• _Work item_
Please print the entries below exactly, from the line with "banjado WC-Sitz mit" through the line with "Coussin de banc", including both of those lines and leaving out all others.

• _Materials provided_
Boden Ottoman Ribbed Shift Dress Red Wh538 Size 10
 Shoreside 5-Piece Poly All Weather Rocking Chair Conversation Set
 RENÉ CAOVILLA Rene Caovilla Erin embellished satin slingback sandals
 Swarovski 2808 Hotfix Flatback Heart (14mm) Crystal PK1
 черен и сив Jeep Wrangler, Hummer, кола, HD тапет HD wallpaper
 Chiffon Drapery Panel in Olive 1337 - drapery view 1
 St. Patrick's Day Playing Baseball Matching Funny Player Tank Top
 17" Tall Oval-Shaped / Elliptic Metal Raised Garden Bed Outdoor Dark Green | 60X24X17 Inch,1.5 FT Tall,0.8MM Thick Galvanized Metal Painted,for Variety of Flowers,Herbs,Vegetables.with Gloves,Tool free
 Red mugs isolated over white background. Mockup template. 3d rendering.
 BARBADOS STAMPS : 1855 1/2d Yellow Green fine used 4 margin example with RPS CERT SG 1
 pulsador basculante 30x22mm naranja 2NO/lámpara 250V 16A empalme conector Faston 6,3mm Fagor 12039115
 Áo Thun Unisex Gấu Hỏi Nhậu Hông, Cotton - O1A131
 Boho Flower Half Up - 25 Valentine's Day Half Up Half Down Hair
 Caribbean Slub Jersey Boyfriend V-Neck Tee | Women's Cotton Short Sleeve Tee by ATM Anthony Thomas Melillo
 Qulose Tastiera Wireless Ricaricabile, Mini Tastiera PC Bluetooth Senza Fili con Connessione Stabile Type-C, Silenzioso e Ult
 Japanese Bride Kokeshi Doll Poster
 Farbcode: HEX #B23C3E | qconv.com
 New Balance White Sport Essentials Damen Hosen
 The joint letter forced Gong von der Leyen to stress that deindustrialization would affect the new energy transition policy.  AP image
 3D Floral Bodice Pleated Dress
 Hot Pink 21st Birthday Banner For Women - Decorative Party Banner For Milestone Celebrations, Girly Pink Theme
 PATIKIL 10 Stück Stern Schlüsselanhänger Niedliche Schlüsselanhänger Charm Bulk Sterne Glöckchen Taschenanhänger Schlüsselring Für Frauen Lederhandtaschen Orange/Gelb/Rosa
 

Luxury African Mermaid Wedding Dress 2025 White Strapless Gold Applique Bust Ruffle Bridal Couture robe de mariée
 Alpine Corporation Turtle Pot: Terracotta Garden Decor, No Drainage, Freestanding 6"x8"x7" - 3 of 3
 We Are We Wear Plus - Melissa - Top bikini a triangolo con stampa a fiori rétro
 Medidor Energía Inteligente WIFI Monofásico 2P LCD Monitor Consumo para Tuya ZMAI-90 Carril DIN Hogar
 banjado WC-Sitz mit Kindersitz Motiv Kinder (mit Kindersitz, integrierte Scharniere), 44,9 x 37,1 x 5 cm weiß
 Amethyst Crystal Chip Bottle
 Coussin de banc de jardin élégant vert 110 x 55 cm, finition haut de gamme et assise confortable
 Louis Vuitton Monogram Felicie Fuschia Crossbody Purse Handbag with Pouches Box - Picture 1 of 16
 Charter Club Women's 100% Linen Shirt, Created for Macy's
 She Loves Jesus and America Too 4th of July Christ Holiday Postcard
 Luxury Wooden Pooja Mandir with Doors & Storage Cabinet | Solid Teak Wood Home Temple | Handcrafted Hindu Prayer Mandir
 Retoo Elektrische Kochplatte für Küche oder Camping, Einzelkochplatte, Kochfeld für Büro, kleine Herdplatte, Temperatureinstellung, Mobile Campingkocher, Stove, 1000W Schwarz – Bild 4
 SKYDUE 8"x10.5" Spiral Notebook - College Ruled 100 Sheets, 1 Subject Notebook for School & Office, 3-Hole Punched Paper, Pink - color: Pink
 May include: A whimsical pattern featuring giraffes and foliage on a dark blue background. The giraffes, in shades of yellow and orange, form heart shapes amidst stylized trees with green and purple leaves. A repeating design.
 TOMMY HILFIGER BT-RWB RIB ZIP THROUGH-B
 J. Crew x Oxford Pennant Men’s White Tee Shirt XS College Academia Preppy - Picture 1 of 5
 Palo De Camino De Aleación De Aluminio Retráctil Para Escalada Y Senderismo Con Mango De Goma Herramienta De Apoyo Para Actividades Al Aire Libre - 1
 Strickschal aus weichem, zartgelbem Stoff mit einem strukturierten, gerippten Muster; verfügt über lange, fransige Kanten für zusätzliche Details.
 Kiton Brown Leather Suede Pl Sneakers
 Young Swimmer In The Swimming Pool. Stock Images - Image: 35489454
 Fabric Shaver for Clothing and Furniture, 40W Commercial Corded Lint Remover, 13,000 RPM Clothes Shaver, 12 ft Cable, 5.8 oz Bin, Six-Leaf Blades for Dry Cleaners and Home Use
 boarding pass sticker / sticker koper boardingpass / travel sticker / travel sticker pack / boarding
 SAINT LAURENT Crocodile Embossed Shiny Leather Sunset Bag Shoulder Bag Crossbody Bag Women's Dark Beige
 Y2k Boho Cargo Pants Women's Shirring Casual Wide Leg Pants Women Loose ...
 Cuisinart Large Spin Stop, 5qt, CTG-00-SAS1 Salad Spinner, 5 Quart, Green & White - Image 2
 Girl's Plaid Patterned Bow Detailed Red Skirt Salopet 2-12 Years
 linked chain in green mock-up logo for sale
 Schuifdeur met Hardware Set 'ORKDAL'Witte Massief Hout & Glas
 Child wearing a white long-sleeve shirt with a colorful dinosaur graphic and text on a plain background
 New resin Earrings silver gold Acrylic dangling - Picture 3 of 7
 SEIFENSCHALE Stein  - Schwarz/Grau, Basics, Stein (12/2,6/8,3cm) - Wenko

• _Output for this task_
 banjado WC-Sitz mit Kindersitz Motiv Kinder (mit Kindersitz, integrierte Scharniere), 44,9 x 37,1 x 5 cm weiß
 Amethyst Crystal Chip Bottle
 Coussin de banc de jardin élégant vert 110 x 55 cm, finition haut de gamme et assise confortable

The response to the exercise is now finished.